§ Records:
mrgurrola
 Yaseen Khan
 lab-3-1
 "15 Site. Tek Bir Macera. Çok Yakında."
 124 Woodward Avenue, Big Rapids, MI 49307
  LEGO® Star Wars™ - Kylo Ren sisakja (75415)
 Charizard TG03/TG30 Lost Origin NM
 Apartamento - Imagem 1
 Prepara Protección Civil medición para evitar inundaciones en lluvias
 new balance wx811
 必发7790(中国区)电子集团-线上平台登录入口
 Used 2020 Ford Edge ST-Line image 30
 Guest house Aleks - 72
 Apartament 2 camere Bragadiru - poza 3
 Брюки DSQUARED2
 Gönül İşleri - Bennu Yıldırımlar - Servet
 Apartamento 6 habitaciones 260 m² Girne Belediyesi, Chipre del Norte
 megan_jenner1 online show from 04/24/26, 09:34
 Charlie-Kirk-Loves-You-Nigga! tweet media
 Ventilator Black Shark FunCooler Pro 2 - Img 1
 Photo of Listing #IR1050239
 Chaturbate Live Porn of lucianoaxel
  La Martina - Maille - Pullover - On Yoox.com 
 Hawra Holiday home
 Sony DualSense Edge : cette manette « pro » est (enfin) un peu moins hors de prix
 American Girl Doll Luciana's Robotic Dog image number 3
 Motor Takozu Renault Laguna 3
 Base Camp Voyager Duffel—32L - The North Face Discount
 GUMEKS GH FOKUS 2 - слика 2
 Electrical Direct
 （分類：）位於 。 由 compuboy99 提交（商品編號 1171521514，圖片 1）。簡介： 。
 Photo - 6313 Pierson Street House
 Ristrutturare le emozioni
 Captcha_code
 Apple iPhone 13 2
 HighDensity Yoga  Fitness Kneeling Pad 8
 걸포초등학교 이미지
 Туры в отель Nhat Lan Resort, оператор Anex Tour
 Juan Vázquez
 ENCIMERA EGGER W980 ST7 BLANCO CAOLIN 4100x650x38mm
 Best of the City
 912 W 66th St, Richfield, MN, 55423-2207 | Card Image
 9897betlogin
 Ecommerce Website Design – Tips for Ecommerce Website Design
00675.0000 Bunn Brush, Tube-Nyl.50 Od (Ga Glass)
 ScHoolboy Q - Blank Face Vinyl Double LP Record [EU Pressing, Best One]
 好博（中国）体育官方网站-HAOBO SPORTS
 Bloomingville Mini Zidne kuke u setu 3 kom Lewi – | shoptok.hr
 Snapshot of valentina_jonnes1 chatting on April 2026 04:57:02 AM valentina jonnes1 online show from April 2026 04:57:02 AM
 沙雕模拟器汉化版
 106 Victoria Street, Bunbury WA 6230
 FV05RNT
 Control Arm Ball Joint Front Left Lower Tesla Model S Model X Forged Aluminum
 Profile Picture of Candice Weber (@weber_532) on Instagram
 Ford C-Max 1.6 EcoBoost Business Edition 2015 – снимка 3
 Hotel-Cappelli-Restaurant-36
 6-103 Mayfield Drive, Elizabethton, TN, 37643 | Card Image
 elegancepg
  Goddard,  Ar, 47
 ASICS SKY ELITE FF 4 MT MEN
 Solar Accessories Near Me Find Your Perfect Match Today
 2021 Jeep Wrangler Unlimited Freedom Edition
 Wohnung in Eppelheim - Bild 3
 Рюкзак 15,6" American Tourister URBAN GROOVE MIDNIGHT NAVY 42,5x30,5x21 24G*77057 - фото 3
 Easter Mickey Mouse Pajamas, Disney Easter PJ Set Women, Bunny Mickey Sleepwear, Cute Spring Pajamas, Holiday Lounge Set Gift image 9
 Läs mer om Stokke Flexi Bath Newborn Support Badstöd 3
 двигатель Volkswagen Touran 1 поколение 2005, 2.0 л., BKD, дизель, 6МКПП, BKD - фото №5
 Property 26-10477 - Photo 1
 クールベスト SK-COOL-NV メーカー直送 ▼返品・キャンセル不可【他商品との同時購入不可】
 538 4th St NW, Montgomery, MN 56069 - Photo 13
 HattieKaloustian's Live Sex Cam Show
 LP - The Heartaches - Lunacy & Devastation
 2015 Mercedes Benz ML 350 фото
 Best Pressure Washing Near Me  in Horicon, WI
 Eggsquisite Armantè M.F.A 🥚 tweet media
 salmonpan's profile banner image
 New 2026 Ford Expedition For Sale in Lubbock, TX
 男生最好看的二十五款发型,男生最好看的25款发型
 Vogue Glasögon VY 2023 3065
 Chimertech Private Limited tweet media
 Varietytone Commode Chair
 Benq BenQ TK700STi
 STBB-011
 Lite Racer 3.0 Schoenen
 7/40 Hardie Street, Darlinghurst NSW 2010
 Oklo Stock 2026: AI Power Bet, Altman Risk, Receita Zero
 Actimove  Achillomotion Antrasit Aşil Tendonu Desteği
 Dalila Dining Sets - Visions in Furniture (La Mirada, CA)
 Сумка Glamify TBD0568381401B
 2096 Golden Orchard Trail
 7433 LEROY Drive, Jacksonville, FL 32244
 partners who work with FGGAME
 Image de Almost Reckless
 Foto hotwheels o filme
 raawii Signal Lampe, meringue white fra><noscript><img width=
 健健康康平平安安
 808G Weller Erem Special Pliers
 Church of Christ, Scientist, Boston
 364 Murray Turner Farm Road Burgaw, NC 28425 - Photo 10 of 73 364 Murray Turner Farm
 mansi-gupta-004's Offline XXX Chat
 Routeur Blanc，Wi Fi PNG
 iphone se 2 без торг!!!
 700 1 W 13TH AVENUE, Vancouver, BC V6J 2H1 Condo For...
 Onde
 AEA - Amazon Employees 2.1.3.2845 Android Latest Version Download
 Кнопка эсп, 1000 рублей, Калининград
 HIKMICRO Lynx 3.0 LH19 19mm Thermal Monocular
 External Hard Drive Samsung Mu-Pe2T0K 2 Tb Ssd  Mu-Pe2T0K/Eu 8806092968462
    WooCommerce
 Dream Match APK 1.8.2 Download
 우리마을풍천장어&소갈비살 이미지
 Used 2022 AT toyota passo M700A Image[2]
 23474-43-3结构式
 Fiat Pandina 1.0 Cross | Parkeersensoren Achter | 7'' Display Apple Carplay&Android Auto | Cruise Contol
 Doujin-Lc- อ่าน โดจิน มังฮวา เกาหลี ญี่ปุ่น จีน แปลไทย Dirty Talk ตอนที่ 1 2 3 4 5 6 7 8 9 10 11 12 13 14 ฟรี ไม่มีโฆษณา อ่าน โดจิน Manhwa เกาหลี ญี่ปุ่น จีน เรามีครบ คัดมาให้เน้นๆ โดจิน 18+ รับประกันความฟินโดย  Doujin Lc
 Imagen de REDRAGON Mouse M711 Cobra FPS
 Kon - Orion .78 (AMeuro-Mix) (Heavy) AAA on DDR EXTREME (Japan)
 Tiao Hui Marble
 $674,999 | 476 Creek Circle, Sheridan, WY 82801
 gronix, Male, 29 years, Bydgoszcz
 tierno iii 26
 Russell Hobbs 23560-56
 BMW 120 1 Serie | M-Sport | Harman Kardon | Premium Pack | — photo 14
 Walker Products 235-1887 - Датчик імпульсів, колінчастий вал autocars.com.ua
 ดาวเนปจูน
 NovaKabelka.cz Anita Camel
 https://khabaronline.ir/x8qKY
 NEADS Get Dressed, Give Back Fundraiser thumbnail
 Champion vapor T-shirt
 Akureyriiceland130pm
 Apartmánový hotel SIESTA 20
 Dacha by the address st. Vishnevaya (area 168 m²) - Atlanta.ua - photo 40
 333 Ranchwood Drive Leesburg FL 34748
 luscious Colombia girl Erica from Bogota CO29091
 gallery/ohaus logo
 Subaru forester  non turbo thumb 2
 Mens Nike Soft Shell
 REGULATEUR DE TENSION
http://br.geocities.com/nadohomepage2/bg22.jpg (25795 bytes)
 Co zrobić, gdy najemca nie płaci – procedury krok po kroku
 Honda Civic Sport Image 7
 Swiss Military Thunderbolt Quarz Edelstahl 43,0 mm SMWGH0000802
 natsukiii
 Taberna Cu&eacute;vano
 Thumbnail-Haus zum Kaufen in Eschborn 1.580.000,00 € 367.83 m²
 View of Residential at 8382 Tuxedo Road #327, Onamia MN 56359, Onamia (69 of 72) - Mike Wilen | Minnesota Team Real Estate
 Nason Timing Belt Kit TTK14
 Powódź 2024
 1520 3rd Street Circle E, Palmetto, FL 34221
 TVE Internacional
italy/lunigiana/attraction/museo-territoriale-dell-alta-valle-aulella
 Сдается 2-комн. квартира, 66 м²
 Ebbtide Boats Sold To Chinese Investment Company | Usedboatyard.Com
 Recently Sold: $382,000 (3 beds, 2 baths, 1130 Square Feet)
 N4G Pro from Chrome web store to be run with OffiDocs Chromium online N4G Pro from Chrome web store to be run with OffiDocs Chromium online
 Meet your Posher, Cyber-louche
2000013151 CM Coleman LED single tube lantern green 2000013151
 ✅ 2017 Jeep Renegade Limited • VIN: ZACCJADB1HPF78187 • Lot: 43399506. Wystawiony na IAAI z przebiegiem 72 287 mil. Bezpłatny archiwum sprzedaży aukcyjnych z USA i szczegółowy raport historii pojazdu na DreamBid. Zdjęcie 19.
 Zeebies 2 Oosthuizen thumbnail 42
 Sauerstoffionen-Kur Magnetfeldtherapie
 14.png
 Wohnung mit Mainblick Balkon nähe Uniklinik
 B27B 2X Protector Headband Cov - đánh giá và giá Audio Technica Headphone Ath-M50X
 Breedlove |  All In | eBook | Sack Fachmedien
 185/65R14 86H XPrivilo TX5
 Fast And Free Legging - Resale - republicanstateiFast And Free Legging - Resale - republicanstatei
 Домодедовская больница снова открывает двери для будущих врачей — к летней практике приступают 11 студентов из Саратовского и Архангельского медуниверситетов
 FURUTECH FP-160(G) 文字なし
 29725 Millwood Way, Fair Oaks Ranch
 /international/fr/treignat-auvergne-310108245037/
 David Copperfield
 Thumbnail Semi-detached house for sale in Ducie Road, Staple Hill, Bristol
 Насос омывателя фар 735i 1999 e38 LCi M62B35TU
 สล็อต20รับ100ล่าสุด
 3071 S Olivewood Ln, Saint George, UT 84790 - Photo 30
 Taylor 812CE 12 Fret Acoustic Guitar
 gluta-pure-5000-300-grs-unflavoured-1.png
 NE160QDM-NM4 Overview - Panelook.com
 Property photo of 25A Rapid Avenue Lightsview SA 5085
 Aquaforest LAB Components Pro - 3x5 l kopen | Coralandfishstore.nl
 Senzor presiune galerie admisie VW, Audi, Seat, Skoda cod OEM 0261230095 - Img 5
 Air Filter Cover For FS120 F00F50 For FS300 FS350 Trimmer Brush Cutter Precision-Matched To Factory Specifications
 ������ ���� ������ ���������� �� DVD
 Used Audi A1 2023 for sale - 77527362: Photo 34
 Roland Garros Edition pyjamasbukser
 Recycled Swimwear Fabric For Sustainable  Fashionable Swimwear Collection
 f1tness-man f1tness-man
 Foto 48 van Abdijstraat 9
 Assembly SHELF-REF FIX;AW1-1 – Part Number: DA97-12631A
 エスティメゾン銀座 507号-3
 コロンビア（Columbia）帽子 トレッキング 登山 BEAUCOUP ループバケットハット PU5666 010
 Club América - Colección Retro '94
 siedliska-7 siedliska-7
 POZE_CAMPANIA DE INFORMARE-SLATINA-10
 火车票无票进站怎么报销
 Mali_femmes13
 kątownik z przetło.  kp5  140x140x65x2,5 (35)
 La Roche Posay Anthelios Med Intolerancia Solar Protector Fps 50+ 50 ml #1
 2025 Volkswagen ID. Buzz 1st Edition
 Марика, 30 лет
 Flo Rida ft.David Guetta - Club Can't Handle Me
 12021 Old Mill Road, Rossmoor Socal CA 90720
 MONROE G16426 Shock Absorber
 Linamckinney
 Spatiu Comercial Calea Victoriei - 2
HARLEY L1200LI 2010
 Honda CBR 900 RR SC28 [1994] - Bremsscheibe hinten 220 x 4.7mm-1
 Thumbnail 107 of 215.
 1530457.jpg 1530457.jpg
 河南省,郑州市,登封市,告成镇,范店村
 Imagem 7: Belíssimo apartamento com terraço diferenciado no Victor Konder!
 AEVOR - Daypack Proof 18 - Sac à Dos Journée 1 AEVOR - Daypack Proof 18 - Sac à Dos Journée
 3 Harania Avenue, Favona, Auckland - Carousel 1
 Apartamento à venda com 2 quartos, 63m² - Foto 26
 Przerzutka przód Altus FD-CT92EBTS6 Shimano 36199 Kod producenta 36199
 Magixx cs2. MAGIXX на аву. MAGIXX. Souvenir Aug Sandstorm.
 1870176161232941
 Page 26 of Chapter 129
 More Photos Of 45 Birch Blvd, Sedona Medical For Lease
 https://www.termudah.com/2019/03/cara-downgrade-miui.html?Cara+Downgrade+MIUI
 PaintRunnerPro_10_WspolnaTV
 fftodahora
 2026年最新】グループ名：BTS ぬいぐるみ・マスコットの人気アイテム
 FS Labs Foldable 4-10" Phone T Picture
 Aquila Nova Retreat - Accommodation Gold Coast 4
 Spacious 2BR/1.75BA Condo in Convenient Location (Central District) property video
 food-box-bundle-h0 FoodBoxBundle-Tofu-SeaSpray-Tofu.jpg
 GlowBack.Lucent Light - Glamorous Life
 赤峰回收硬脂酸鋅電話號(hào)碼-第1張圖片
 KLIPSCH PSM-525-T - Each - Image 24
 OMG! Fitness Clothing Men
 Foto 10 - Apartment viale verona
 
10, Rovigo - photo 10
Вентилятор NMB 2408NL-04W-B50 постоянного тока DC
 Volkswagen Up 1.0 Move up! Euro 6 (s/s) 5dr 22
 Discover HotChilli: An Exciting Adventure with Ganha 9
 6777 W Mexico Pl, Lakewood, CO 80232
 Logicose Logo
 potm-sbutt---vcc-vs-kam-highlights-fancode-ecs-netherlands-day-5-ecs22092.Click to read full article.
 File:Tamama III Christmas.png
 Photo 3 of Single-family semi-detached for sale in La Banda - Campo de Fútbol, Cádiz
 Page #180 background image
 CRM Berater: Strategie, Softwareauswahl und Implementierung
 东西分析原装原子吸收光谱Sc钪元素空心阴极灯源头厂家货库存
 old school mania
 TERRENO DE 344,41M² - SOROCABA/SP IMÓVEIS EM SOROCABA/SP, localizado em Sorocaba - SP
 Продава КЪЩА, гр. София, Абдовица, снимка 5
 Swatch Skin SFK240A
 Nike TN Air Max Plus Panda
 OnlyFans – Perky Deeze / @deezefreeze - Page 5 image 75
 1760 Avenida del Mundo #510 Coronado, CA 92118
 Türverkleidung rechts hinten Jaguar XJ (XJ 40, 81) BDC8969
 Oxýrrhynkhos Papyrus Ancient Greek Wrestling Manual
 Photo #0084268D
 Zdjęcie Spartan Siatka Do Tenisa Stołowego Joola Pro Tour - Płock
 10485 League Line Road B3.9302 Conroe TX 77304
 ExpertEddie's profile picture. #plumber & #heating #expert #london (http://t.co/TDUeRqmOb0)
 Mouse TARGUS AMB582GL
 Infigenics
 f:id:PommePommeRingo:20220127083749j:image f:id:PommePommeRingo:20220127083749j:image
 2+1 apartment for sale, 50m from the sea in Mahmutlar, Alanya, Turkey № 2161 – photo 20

§ Directions: Copy out each line of the data above, exactly, if it lies between the line holding "124 Woodward Avenue, Big Rapids, MI 49307" and the line holding "new balance wx811", inclusive; copy no other line.

§ Task result:
 124 Woodward Avenue, Big Rapids, MI 49307
  LEGO® Star Wars™ - Kylo Ren sisakja (75415)
 Charizard TG03/TG30 Lost Origin NM
 Apartamento - Imagem 1
 Prepara Protección Civil medición para evitar inundaciones en lluvias
 new balance wx811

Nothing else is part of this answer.